In February, this storm ripped a swath of destruction from Jackson to Macon Counties, a stretch of over 200 miles. The path of the storm left homes and property like the Shaw’s unlivable. A few mailboxes away, horse farms remain untouched. Ironically this is one of the wealthiest sections of Tennessee. Some say this is the most lucrative county in the state. But families like the Shaws do not share in that wealth. They are still picking up and finding pieces of their lives scattered down Hwy. 46.

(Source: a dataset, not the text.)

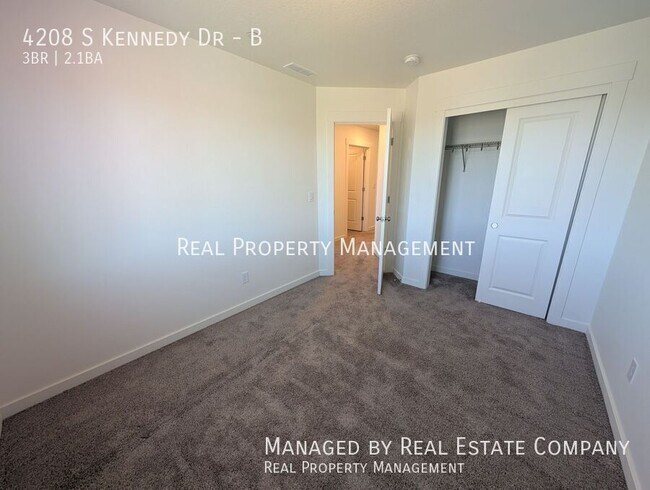 Building Photo - 4208 S Kennedy Dr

The problem with recovery is that there is no easy path from shelter to survival. As I talked to Kim Shaw Tuesday, it’s much like putting together pieces of a puzzle that are lying around with no picture, however, to guide you as you fit each part together. Jobs, education, teenagers, and nearly 5 acres of land would be the usual responsibilities for a family living in a small modular home in the country. Two kids are out of high school. One has two years left. All members of the family work. Chris is a plumber. Kim is a caretaker for elderly people. Even if they wanted to send kids to college, as Kim says, “We can’t afford that.”
Now add a storm from 6 months ago. They rode out the storm in a 4x8x8 storm shelter just large enough for the five of them. The storm lasted only 10 minutes, but the winds were so fierce that it blew the barn into the side of their house, and boxed them into the storm shelter. They had to beat the door open just to get outside to see the damage.
Some 6 months later the only ones left to help the estimated 10-12 families like the Shaws that are still recovering in Hickman and Williamson Counties are local people and volunteer teams.
The Shaw’s live in their old home that has plywood in holes where windows once stood. They purchased a slightly used modular home with what little money they received from FEMA and income they had when the storm hit. They are putting on the finishing touches with the help of volunteers like ours so they can move in. This is not “making ends meet.” This is tying a knot in the end of the rope and hanging on until help arrives.
Yet they are not without hope. Their spirits are good. Kim says, “If we can just get everything back together,” we can move on with our lives. Still some 6 months later, they wait among the shards of glass to turn a used house into a home.